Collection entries

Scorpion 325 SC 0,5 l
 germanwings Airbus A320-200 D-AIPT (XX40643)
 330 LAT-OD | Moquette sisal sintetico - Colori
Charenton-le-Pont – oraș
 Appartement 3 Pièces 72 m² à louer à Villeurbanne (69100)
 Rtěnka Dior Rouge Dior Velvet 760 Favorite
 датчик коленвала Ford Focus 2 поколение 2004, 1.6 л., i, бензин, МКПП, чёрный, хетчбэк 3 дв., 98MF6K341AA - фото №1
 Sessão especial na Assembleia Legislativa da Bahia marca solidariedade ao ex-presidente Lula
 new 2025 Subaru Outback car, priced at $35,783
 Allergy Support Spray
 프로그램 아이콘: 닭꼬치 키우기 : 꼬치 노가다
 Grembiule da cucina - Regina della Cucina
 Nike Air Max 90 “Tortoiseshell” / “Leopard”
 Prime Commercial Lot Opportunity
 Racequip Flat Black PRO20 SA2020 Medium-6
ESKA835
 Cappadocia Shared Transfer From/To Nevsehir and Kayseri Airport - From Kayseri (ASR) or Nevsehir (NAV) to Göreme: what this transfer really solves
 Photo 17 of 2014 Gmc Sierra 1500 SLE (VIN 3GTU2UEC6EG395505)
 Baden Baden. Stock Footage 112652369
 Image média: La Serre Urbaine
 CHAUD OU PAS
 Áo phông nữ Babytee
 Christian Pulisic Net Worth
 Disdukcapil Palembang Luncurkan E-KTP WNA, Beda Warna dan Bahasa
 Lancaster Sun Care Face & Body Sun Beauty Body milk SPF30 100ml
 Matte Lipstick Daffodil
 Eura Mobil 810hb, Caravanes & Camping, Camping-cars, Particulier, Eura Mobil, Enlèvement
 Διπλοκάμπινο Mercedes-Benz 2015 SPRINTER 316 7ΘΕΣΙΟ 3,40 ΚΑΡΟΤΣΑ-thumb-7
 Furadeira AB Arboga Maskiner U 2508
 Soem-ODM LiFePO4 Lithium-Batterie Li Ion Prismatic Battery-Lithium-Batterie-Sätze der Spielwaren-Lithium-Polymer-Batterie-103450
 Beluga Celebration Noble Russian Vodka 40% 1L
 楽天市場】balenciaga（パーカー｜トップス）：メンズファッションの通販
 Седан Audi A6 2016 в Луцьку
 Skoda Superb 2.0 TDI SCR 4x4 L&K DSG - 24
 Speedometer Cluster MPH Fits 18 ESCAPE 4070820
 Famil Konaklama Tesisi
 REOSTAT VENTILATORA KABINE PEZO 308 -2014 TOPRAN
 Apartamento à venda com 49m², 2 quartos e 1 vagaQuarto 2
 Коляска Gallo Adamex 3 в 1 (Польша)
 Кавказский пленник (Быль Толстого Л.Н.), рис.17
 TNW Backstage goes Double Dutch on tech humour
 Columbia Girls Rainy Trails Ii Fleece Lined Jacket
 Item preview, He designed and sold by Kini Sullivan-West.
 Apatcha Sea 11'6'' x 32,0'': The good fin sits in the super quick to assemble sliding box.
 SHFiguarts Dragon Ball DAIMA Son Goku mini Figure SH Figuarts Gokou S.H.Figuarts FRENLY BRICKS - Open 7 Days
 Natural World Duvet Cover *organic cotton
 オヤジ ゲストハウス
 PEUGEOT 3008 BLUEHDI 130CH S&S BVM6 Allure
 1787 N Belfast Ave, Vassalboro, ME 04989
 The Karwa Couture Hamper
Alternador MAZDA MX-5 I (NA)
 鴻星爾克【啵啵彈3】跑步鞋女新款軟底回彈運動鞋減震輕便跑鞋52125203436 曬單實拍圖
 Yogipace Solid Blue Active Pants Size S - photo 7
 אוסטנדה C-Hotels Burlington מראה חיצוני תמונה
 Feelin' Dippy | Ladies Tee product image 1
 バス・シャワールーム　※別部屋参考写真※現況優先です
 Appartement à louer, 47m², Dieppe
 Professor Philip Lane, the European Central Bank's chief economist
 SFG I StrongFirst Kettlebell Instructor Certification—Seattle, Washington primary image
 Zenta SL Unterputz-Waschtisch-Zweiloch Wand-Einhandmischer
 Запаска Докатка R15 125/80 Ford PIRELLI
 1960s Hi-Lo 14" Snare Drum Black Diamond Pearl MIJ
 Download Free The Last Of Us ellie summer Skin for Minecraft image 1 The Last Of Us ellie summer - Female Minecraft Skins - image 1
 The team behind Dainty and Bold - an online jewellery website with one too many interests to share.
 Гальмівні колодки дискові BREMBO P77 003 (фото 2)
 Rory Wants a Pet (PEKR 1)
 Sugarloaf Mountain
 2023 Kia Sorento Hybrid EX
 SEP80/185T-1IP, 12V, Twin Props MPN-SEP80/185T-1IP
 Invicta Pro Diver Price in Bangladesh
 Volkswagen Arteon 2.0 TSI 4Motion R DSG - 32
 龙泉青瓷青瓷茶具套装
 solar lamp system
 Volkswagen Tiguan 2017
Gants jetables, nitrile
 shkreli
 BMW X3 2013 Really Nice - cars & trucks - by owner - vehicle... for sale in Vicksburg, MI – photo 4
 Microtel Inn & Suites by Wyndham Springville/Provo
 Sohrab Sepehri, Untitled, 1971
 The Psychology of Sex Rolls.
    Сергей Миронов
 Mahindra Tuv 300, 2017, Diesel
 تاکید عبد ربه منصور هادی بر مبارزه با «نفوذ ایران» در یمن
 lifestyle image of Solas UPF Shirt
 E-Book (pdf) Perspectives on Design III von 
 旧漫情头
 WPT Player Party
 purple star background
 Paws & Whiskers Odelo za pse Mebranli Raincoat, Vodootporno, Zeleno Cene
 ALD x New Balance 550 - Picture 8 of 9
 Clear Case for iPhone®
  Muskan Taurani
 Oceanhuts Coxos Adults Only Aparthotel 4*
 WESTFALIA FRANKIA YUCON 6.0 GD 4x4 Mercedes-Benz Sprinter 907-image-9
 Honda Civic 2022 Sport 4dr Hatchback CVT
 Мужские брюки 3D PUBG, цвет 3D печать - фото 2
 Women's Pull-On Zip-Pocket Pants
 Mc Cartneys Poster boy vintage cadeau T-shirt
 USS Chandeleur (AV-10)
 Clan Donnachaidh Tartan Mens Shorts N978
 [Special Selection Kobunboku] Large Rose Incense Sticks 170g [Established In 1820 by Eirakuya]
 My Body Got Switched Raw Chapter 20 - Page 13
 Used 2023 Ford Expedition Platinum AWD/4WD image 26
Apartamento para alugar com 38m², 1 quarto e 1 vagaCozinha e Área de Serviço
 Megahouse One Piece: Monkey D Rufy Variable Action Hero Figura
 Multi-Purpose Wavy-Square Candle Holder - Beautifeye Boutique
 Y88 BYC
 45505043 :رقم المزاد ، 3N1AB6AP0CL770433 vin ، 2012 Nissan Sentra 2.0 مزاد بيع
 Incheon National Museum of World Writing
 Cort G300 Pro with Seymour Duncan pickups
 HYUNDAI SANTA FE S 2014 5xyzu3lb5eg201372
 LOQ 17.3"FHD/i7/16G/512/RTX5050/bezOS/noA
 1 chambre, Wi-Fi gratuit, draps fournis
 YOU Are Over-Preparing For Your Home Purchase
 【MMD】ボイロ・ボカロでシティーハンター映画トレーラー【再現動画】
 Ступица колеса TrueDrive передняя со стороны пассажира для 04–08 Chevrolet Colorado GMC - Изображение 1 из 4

# [THE TASK]
Would you copy out exactly the lines above that start at the one containing "Zenta SL Unterputz-Waschtisch-Zweiloch" and end at the one containing "lifestyle image of Solas UPF Shirt", inclusive?

# [OUTPUT]
 Zenta SL Unterputz-Waschtisch-Zweiloch Wand-Einhandmischer
 Запаска Докатка R15 125/80 Ford PIRELLI
 1960s Hi-Lo 14" Snare Drum Black Diamond Pearl MIJ
 Download Free The Last Of Us ellie summer Skin for Minecraft image 1 The Last Of Us ellie summer - Female Minecraft Skins - image 1
 The team behind Dainty and Bold - an online jewellery website with one too many interests to share.
 Гальмівні колодки дискові BREMBO P77 003 (фото 2)
 Rory Wants a Pet (PEKR 1)
 Sugarloaf Mountain
 2023 Kia Sorento Hybrid EX
 SEP80/185T-1IP, 12V, Twin Props MPN-SEP80/185T-1IP
 Invicta Pro Diver Price in Bangladesh
 Volkswagen Arteon 2.0 TSI 4Motion R DSG - 32
 龙泉青瓷青瓷茶具套装
 solar lamp system
 Volkswagen Tiguan 2017
Gants jetables, nitrile
 shkreli
 BMW X3 2013 Really Nice - cars & trucks - by owner - vehicle... for sale in Vicksburg, MI – photo 4
 Microtel Inn & Suites by Wyndham Springville/Provo
 Sohrab Sepehri, Untitled, 1971
 The Psychology of Sex Rolls.
    Сергей Миронов
 Mahindra Tuv 300, 2017, Diesel
 تاکید عبد ربه منصور هادی بر مبارزه با «نفوذ ایران» در یمن
 lifestyle image of Solas UPF Shirt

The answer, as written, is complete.